En los toros, como en la vida, existe un lenguaje invisible, de igual o mayor significado del que vemos, y de muy intenso contenido: el silencio. Sustituto natural de la palabra, del vocerío al que la masa nos tiene, por desgracia, acostumbrados, en los días que vivimos se echa muy de menos la actitud silenciosa y respetuosa que se vive y siente en la liturgia taurómaca.

El redondel de la vida, o de la plaza de toros, puede convertirse en un manicomio o en mágico ritual donde palpar lo sobrenatural, donde vislumbrar la delgada línea que separa al hombre de su destino, de su yo sobrenatural, de la muerte. Y a un rito los mortales hemos de asistir en silencio.

Un silencio en una plaza de toros sólo puede significar dos cosas: que se ha ejecutado la faena soñada o que no ha ocurrido nada digno de mención. En uno u otro caso, silencio como sinónimo de respeto.

Respeto en los toros, en el rito. Respeto hacia aquellos que se han ganado el mismo. Respeto a la educación, a la honestidad, al buen hacer. Casualmente, caracteres que brillan por su ausencia en la inmensa mayoría de nuestros representantes políticos. ¿Educación? Apenas saben articular palabras con sentido, mucho menos escribir. De argumentar, ni hablamos. ¿Honestidad? Si parece el Congreso la cueva de Alí Babá y los cuarenta ladrones. ¿Buen hacer? ¡Ja!

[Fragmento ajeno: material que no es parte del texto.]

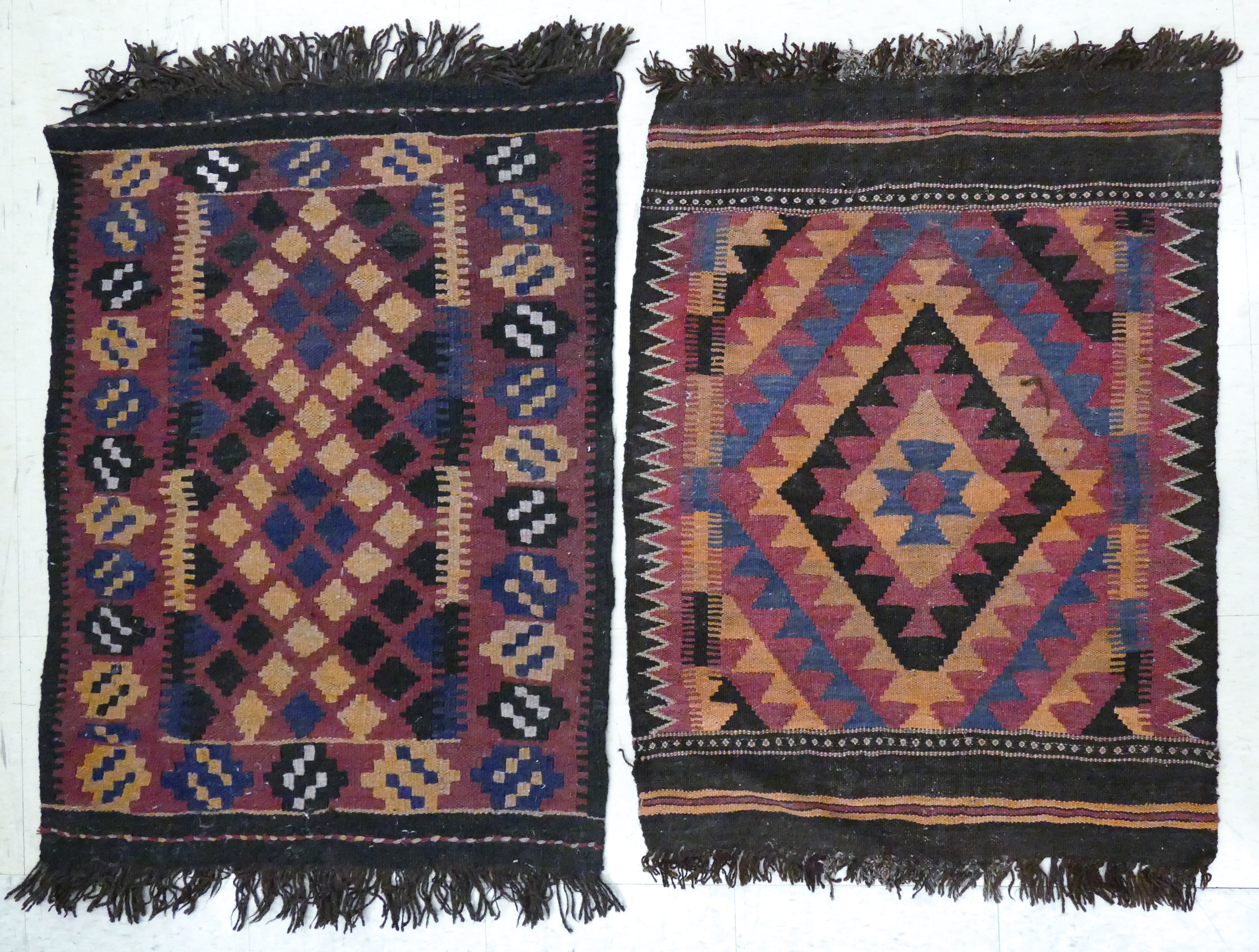 2pc Kilim Rugs Largest 3' x 2.5'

Lo que causa pavor es el silencio generalizado que, convertido en norma, se ha impuesto en una sociedad de mangarrianes, cada día más aborregada. Ante esta situación, los que aún tenemos esperanza en nuestros valores, no podemos quedarnos callados, pues el que calla otorga y, bajo ningún concepto, debemos permitir que el silencio se imponga.

Bravo por el silencio respetado, mágico y ritual cuando no hay nada que añadir.   Y olé por los valientes que rompan el silencio cuando es menester romperlo. Es   el momento de la carga de caballería.